===== EXTRACTED DATA =====
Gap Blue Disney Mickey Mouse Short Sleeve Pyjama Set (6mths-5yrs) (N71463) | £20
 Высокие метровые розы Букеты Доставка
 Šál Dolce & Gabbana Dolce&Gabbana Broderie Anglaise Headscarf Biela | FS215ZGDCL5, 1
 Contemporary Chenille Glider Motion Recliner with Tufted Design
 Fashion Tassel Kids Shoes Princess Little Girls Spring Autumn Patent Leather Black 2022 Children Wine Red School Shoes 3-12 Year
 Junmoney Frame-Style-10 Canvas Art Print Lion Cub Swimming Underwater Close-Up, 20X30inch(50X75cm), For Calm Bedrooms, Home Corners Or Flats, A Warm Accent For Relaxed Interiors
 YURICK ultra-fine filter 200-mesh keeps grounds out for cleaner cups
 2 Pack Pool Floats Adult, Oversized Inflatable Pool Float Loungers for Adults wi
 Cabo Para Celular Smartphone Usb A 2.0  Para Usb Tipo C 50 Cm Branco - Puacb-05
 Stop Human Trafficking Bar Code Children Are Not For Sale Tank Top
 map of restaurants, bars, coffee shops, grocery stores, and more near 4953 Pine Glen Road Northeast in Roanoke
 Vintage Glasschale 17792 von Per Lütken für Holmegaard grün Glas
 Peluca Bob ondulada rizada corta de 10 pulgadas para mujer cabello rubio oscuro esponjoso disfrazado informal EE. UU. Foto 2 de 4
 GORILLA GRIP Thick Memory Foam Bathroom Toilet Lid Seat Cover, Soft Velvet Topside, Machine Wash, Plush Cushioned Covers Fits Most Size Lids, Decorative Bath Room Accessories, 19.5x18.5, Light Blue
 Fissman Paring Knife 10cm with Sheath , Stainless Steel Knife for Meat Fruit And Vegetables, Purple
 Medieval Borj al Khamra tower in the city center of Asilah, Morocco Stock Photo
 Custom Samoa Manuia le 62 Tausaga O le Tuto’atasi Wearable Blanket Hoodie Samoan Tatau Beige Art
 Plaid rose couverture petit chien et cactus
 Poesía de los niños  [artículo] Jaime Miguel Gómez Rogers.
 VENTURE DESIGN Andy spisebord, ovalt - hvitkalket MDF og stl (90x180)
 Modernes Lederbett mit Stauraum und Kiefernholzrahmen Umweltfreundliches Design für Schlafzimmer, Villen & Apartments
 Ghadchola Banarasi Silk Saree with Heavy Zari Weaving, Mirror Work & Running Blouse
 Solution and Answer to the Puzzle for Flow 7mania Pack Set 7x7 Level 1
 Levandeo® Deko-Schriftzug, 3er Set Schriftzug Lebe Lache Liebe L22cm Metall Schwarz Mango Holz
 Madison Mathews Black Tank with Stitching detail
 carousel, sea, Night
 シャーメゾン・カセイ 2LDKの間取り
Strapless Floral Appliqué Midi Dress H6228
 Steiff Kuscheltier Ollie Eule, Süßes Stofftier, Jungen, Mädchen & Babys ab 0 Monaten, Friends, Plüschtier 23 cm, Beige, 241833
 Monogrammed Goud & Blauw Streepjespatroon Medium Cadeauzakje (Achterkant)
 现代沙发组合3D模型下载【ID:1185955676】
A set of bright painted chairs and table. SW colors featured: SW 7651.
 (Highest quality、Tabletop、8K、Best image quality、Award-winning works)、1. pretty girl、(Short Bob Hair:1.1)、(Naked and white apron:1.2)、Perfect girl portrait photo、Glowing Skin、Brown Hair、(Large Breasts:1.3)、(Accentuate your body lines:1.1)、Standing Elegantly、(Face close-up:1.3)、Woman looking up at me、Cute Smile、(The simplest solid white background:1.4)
=====
Please go through the material and return each line where the word "with" appears.

- **ANSWER FOR THE TASK**
 Contemporary Chenille Glider Motion Recliner with Tufted Design
 Fissman Paring Knife 10cm with Sheath , Stainless Steel Knife for Meat Fruit And Vegetables, Purple
 Ghadchola Banarasi Silk Saree with Heavy Zari Weaving, Mirror Work & Running Blouse
 Madison Mathews Black Tank with Stitching detail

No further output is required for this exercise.